なぜかというと、提出期限が迫っていたからだ。冬休みに入る直前の日である今日が、その提出日だった。
うちの子どもたちは、アメリカの小学校に通っている。小学2年生の息子の宿題はちょっと変わっていて、月単位で出されている。
宿題は2つのパートに分かれている。
ひとつは、読書。本を読んで、記録をつける。といっても、あらすじや感想を書く必要はない。本を最後まで読まなくてもいい。何月何日に何々というタイトルの本を何ページ読んだという記録を、表のマスに埋めて書く。
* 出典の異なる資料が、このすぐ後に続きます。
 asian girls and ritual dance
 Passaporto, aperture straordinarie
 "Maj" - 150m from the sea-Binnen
シンプルに、本を読む習慣をつけましょうということだ。
もうひとつは、作文。お題リストが添付されていて、そこからお題を選んで書く。お題をいくつ選んでもいいし、一つにつきどれくらいの長さを書いてもいい。横線だけが引かれた用紙が4枚ついていて、好きなだけ埋めて提出せよという。
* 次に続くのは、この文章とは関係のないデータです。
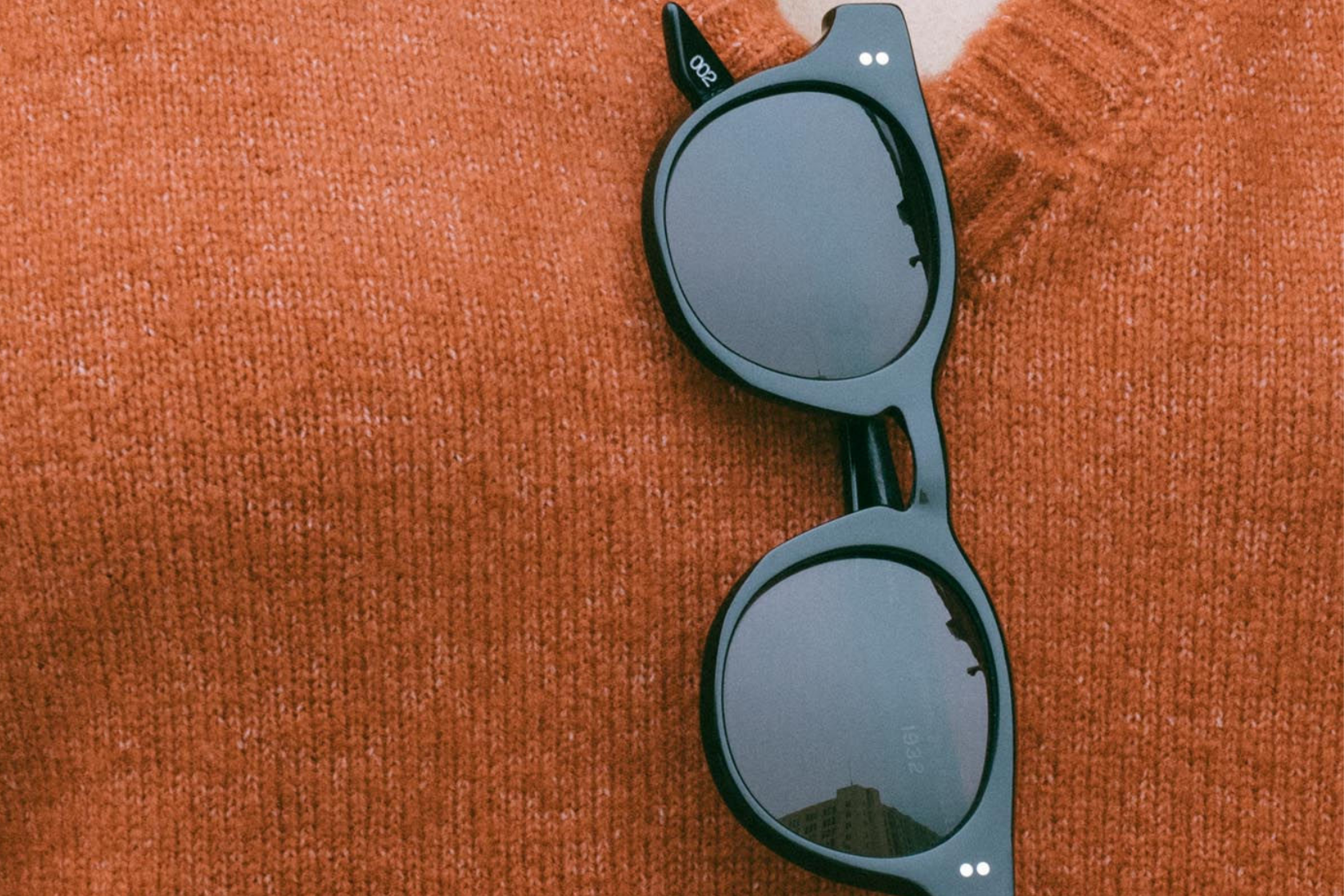 Handmade black round sunglasses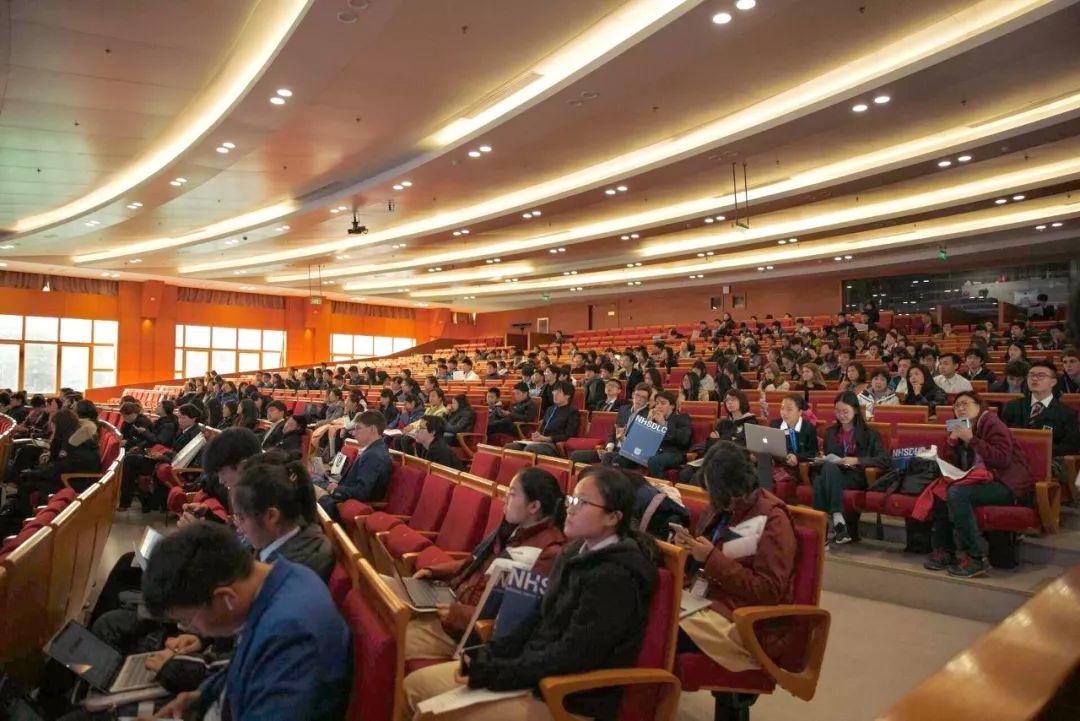 清华附中国际部成功举办第三届NHSDLC辩论赛！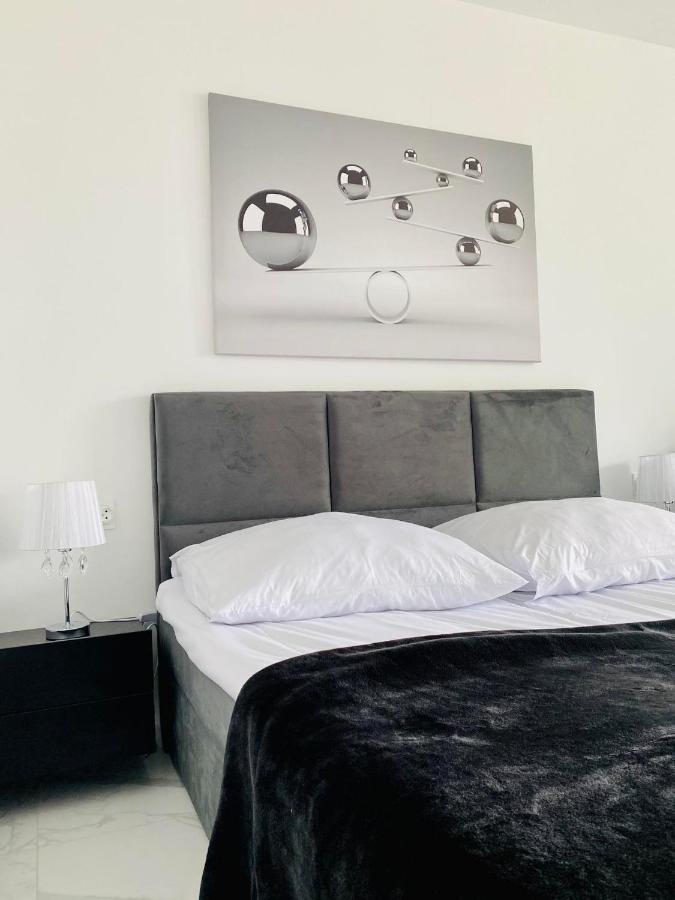 Domki Black Pearl Mielno Basen Sauna Jacuzzi Exteriér fotografie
宿題をやるときの息子の方針は、「最低限はやるけれど、それ以上はやらない」。問題なく切り抜けられればそれでいいらしい。
この数日、息子は、まもなく提出期限がくることを見越して、ラストスパートをかけていた。いや、ラストスパートというより、いままでのんびりし過ぎたゆえに、やっつけ仕事でなんとか挽回し、「ちゃんとやりました」と言える体裁を整えるために努力をしていた。
今朝、その宿題を学校に持っていくんだと言いながら、息子が夫に宿題のプリントを見せた。「僕はこれだけやったんだ」というニュアンスで、息子は話していた。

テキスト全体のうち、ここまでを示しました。